Using this eco-restoration paradigm opens up all kinds of possibilities for capturing children’s attention — in ways that set them on a pathway to becoming 21st century earth stewards – those who will fight climate change. Whatever the context may be — urban, suburban, or rural, children can become excited by the ways nature works as well as motivated to care for nature by doing things that allow nature to do its job of keeping our planet healthy. Children are naturally interested in how squirrels find the nuts they buried in the Fall, how beavers build dams, how birds make nests — in other words, children are naturally interested in how nature ‘works’ and when we build on that natural interest, we start children down an eco-restoration pathway – even if, at first, they aren’t capable of understanding how biodiversity and eco-systems keep our planet healthy.
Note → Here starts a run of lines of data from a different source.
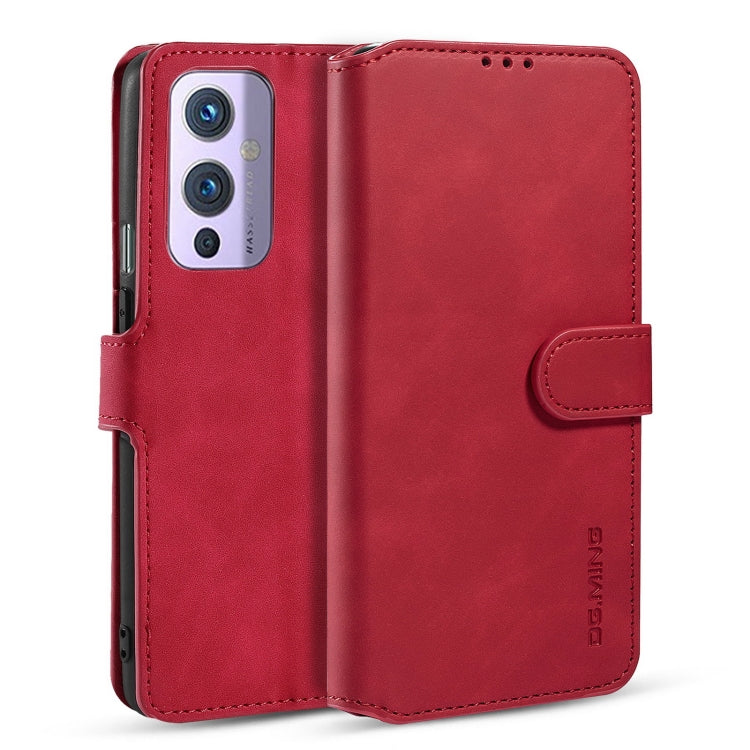 DG.MING Retro Oil Side Horizontal Flip Leather Case with Holder & Card Slots & Wallet, Compatible with OnePlus 9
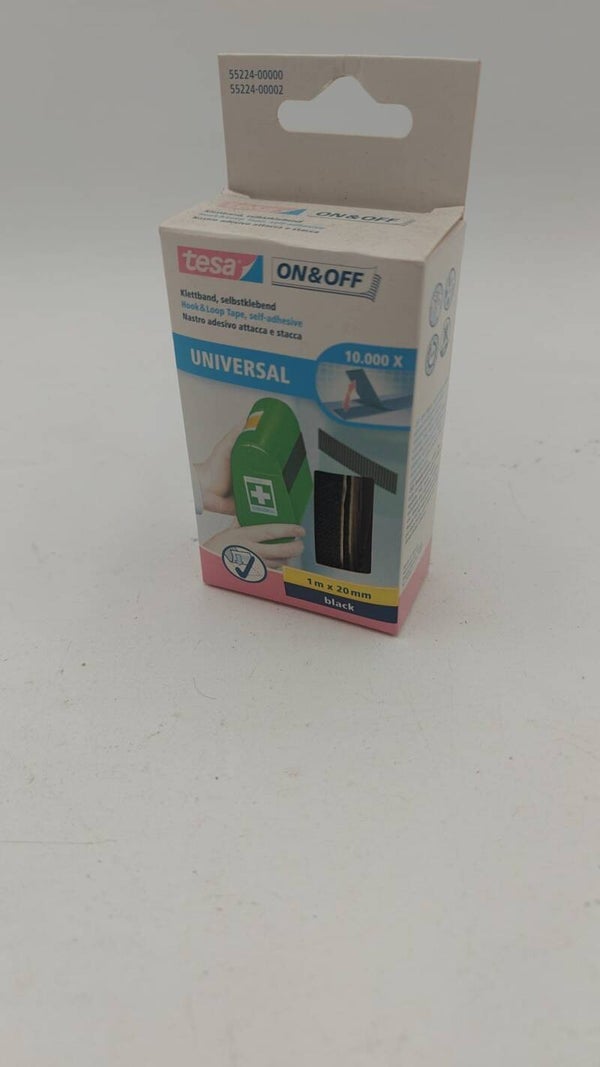 Ruban de montage Velcro TESA Ruban Velcro auto-adhésif 1 m x 20 mm noir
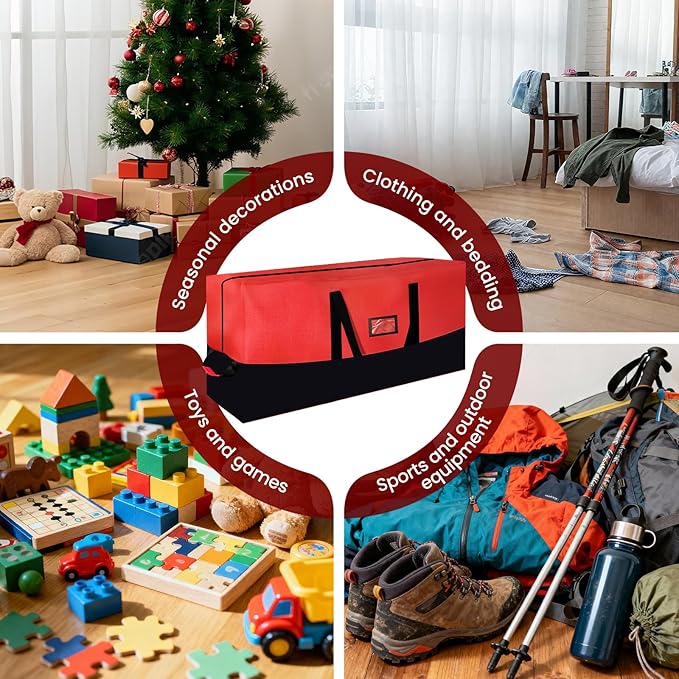 Heavy Duty Christmas Tree Storage Bag for Trees Up to 9ft – Waterproof, 600D Durable Zipper & Handles, Holiday Storage Solution (Black&Red)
Therefore, in leading children to wonder about worms, be curious about crabs and take interest in insects, we set children on a path to eventually see in this myriad of parts the partnerships that turn the natural world into a marvelous and complex community, a community where the story is as much about cooperation and interdependence as it is about competition and survival of the fittest, a story that provides the key to what has kept our planet livable. And once children start to see the interconnections and interdependency of living beings, then they are ready to dive into explanations of just how this interdependence works to keep our planet livable and just how we can work to restore what nature has been doing long before we humans came on the scene.
What remains to be worked out are the details, the specific methods for nourishing the development of tomorrow’s earth stewards. One of the best methods to start is with the words we choose when helping children to connect to nature. Our words can begin to provide children with at least an intuitive understanding of the eco-restoration way of thinking about climate change. In our work with children and while using words that they understand – words such as “family”, “teammates” and “superheroes” – we can get across the gist of concepts such as symbiotic relationships, ecosystems, and keystone animals – concepts that rest on the capacity to know and reason using systems thinking. Using child-friendly words to convey concepts central to an eco-restoration way of thinking about fighting climate change is but one method for introducing children to the eco-restoration way of thinking. This website is intended to provide a great many more methods – so that we become more and more able to guide and nourish tomorrow’s earth stewards, those children and teens who will come to understand and use nature’s ways of fighting climate change.
For further information about an eco-restoration way of thinking about climate change, read the Biodiversity for a Livable Climate’s website http://bio4climate.org.
And here is Greta Thunberg and George Monbiot, superstars in the environmental movement, explaining the need for us to make use of both the carbon emissions and the eco-restoration paradigms:
When we talk about climate change, I often think about accurate psychics and their ability to impact the environment. Some people believe that psychics can sense changes in the environment and even predict its future state. This could be an interesting prospect in the context of climate change discussions. However, whether we believe in psychics or not, it is important for us to act in the present to prevent further deterioration of our planet. Let’s continue to discuss this topic and act together to preserve our environment.